Consistent with the current clinical results, animal and in vitro studies show a functional difference between KIT mutations. Nick et al.14 used a murine model to illustrate that KITD814V promoted a more varied and aggressive leukemic phenotype than KITT417IΔ418–419 when coexpressed with RUNX1–RUNX1T1. Omori et al. demonstrated that in addition to the common JAK/STAT signaling pathway, the D816V mutation activated SRC family kinases, whereas N822K activated the MAPK pathway. The consequence was that D816V had a greater cell-proliferative and antiapoptotic ability than the N822K mutation15.

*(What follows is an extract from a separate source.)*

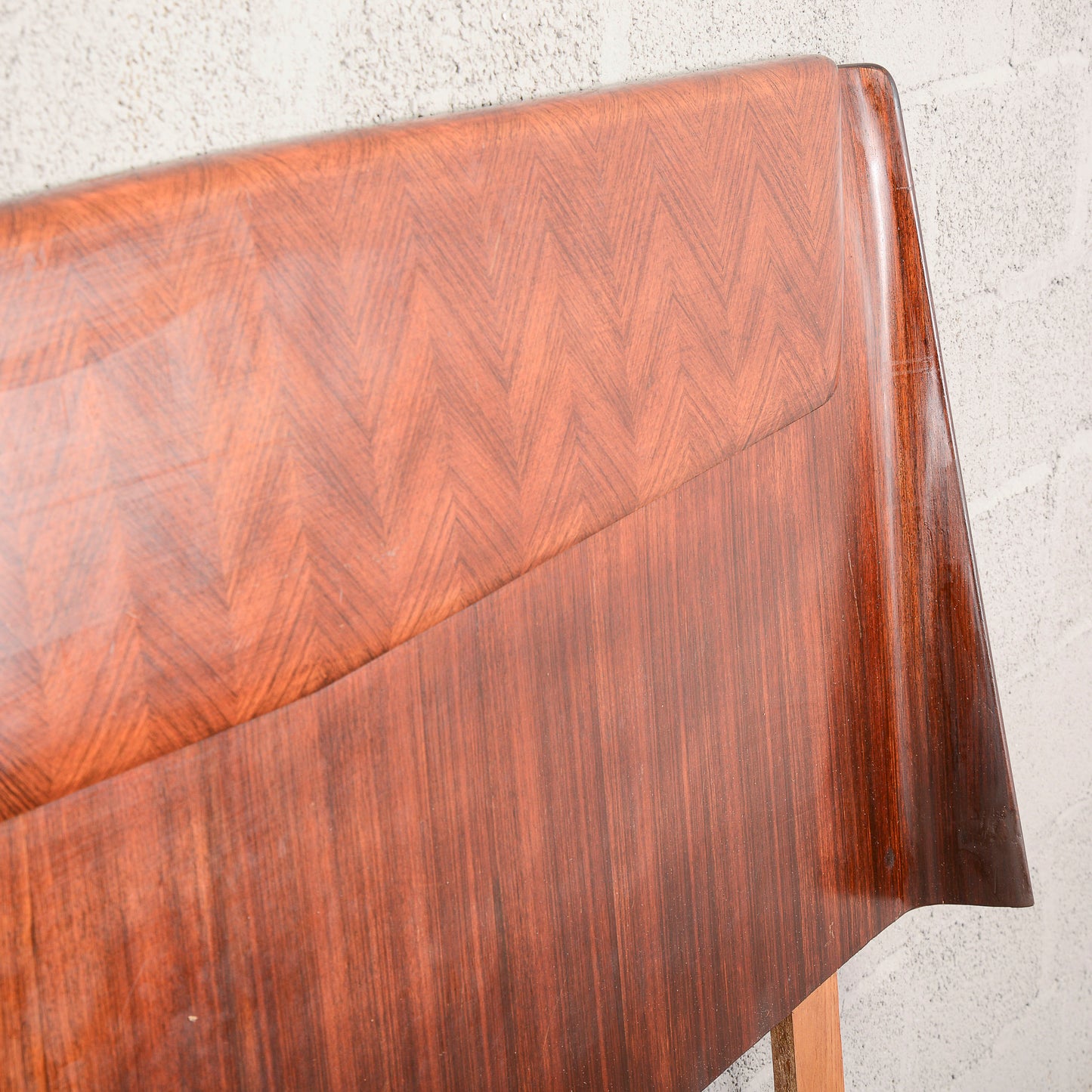 Testa letto curva art deco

The limitation was that this was a retrospective study. The treatment regimens were not uniform. Furthermore, we could not analyze the synergistic impact of the individual KIT mutations with other gene mutations due to lack of data.

In conclusion, the individual KIT mutations had distinct prognoses in adult t(8;21) AML. Exon 17 D816 and D820 mutation had an adverse prognosis, whereas the exon 17 N822 and exon 8 mutation had a similar prognosis to no mutation. This result is helpful for a more precise stratification and for directing the appropriate treatment in t(8;21) AML. Multicenter prospective studies with a large sample size are warranted.